“You can’t smell the body spray?” Jeff snorted. “Lucky you.”
“The wendigo was killed about a half mile into the woods,” said Helen. “Whoever it was used a four-wheeler to get the body here. He drove east after that, but we lost him once he reached the road.”
The upper bar of the fence was dented toward the ground. Dark streaks of blood striped the rusted aluminum. About twenty feet down, hanging from the broken branches of a white spruce growing out of the near- vertical rock, hung the wendigo.
Imagination was part of what made me a good libriomancer: the ability to visualize the story, to make it so real in my mind that I could literally reach out and touch it.
Imagination could be a curse as well. I would be seeing the remains of that poor creature in my dreams for months to come. The broken limbs, the pain and fear frozen on its face, the bits of white fur, matted with blood.
I turned away. Ignoring Jeff and Helen’s worried whispers, I crossed the road and rested both hands against a fat birch. I sucked air into my lungs as my mind played out one scenario after another to explain the injuries the wendigo had suffered.
How the hell had a human being done this? The average wendigo could kill and devour a man in minutes.

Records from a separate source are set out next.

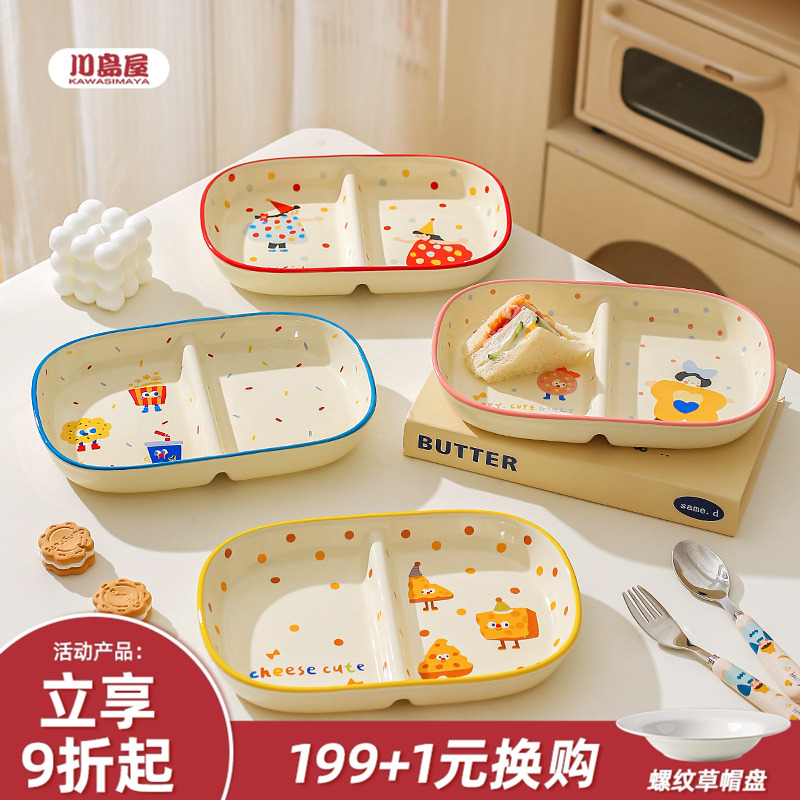 川岛屋分格餐盘儿童早餐盘子家用
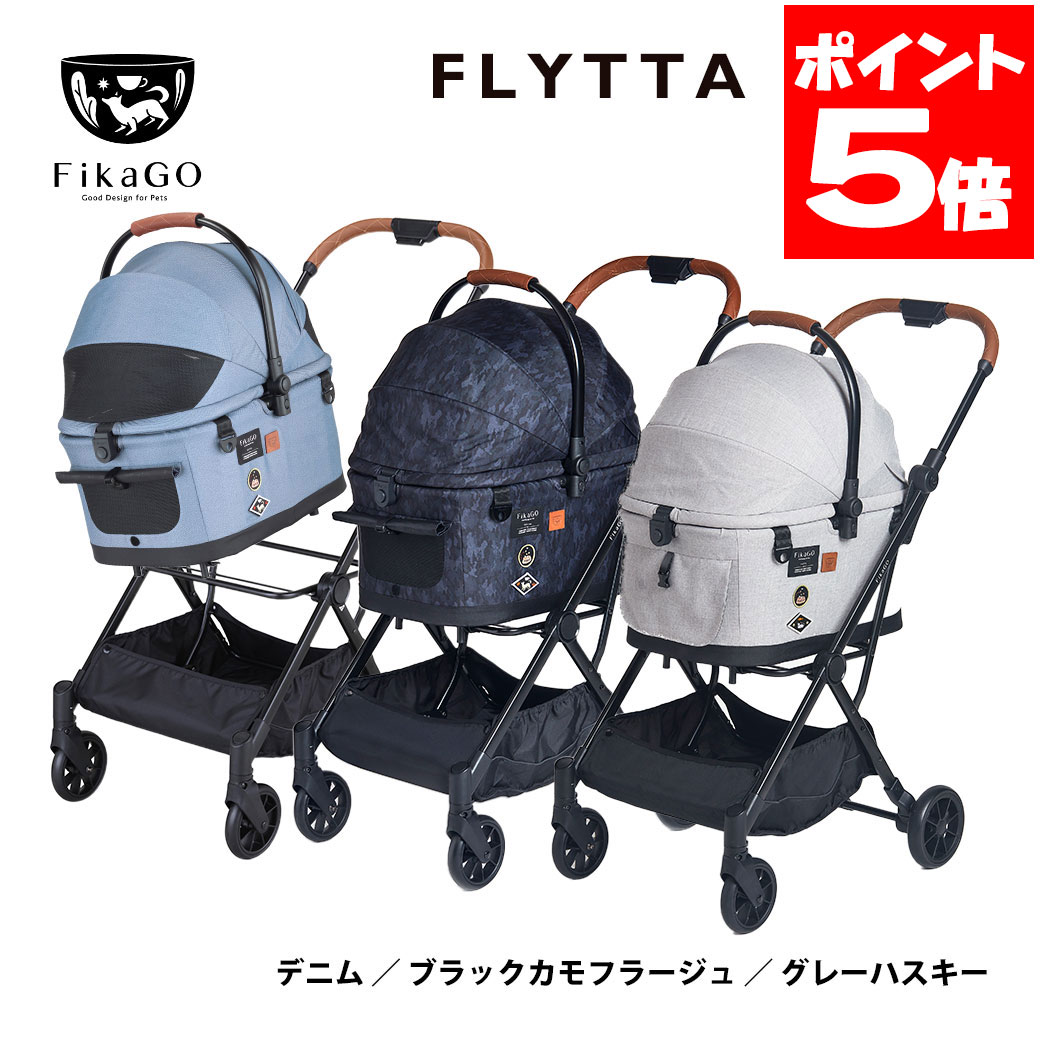 ����� �ե������� �ե�å� �ץ饹 �ڥåȥ����� �Х��� ��combi�� [���Ǥ�������] compet fikago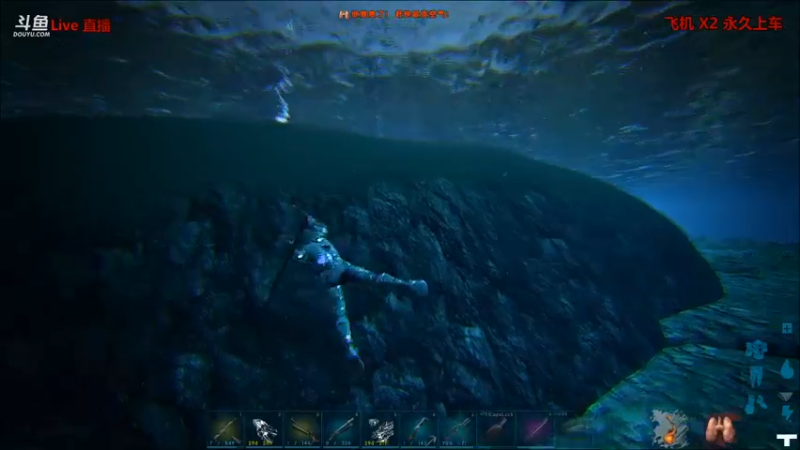 【渝万丶非凡 方舟：生存进化】2021-09-10 23:18:28-2021-09-10 23:33:31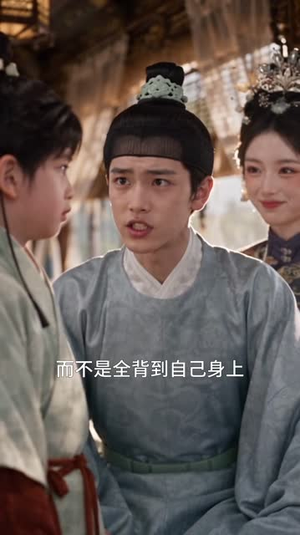 改造小纨绔啦第二季（139集）烧脑短剧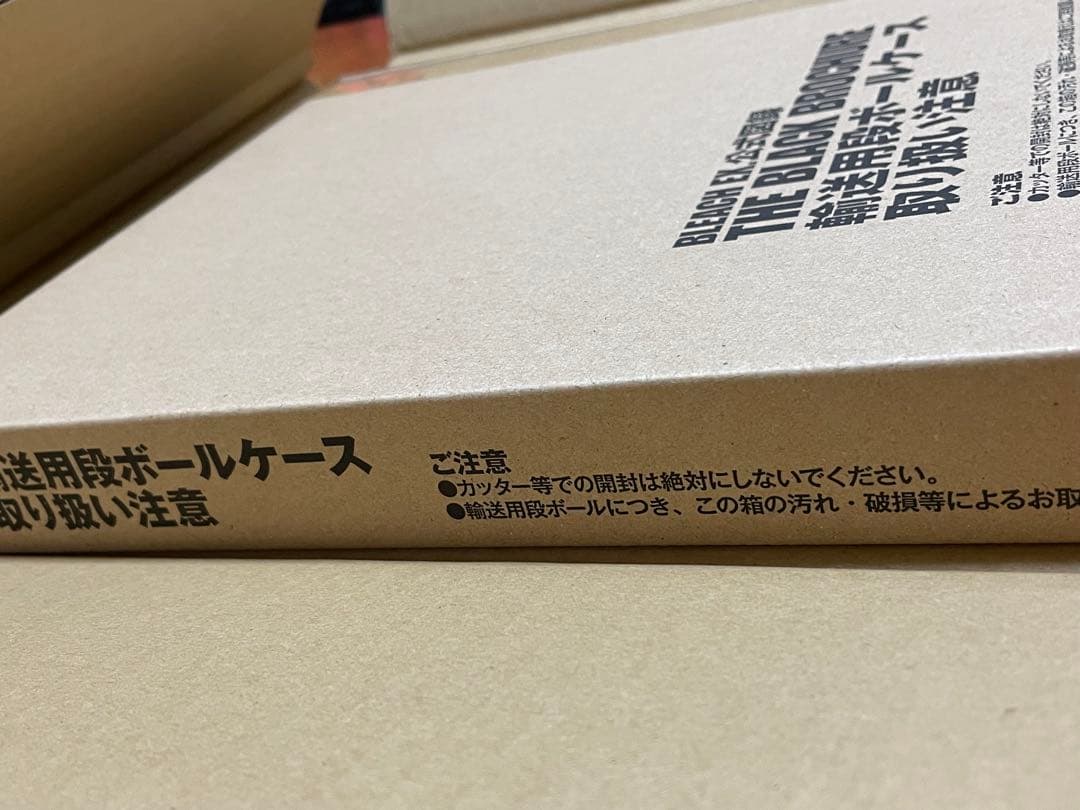 【未開封】BLEACH EX. 公式図録 THE BLACK BROCHURE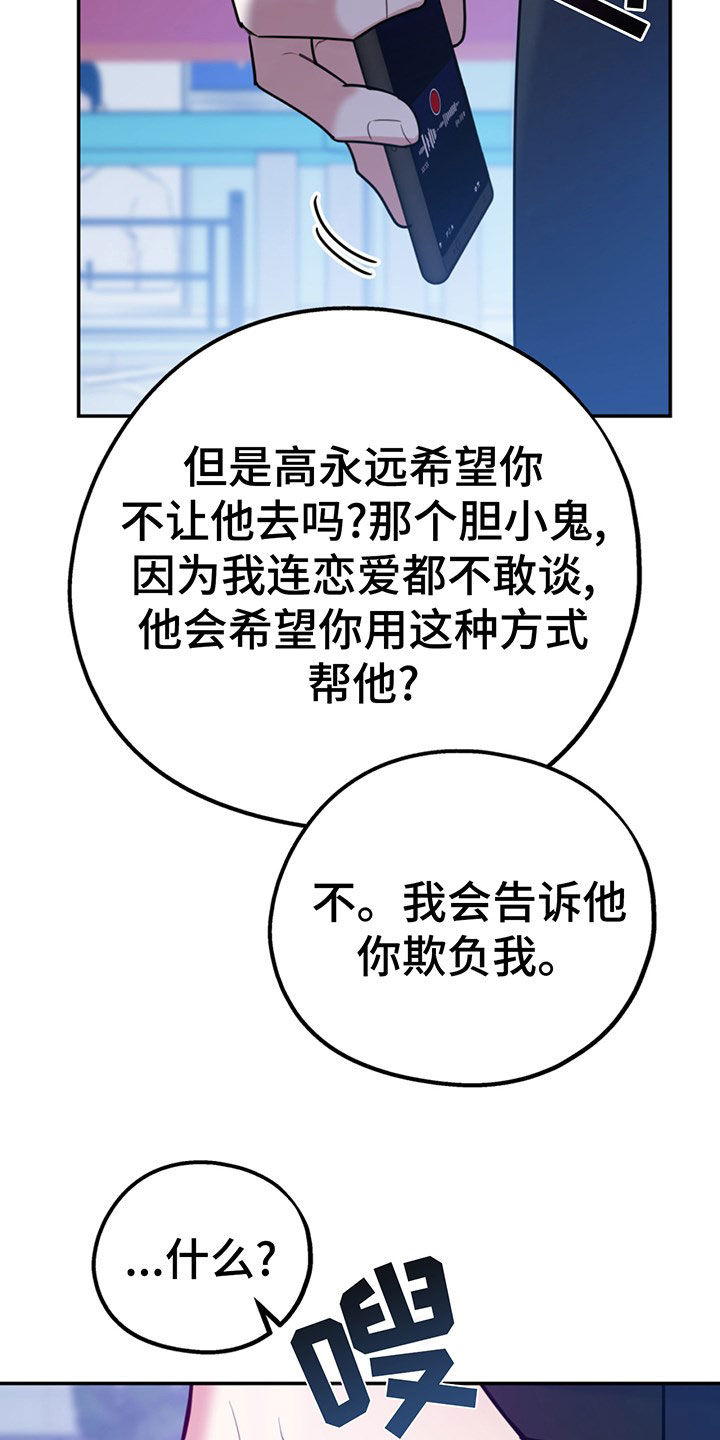 第104章：【第二季】比你强18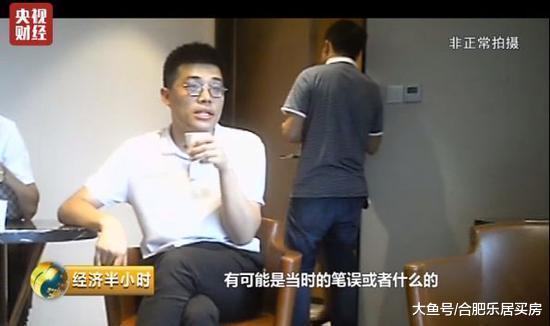 5千多业主被万科坑惨 央视：卖房不能挂羊头卖狗肉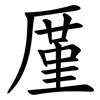 厪 厪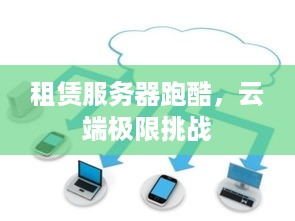 租赁服务器跑酷，云端极限挑战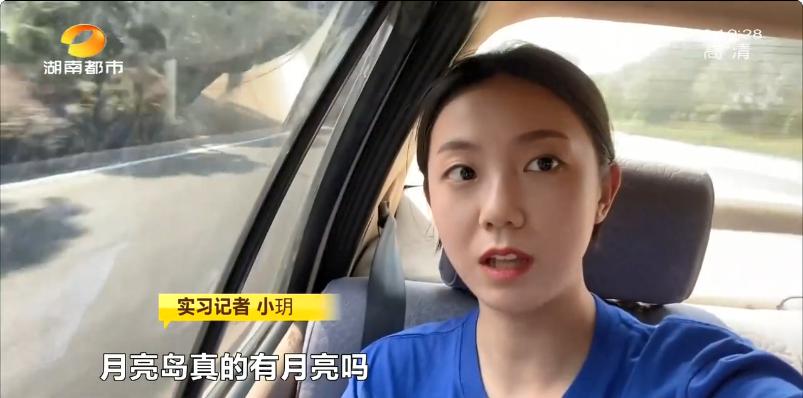 长沙月亮岛打卡地方,长沙月亮岛的奇特之处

Which made the man who had deliberately and methodically butchered this creature far more dangerous than any monster.
2
Grass whispered as Lena came to stand behind me. She said nothing, but rested her hand on my shoulder.
I needed to focus on the job at hand. I rooted through my book bag until I found a handheld infrared thermometer. I switched it on and pointed it at Smudge. The screen read 109 Fahrenheit, which was only a degree or two higher than normal for him.
In humans, core body temperature fell at about a half a degree per hour. For a wendigo, the calculation went in the opposite direction. Given a standard body temp of twenty-two degrees Fahrenheit, we should be able to get a rough window on the time of death. Although I had no idea how trauma and blood loss might affect things.
Lykanthropos anthropophagos was well-suited to life in the U.P. Wendigo blood worked as a kind of magical supercoolant. Even the marrow was cold as ice. Their fur literally froze the moisture from the air, forming a protective layer of frost and ice.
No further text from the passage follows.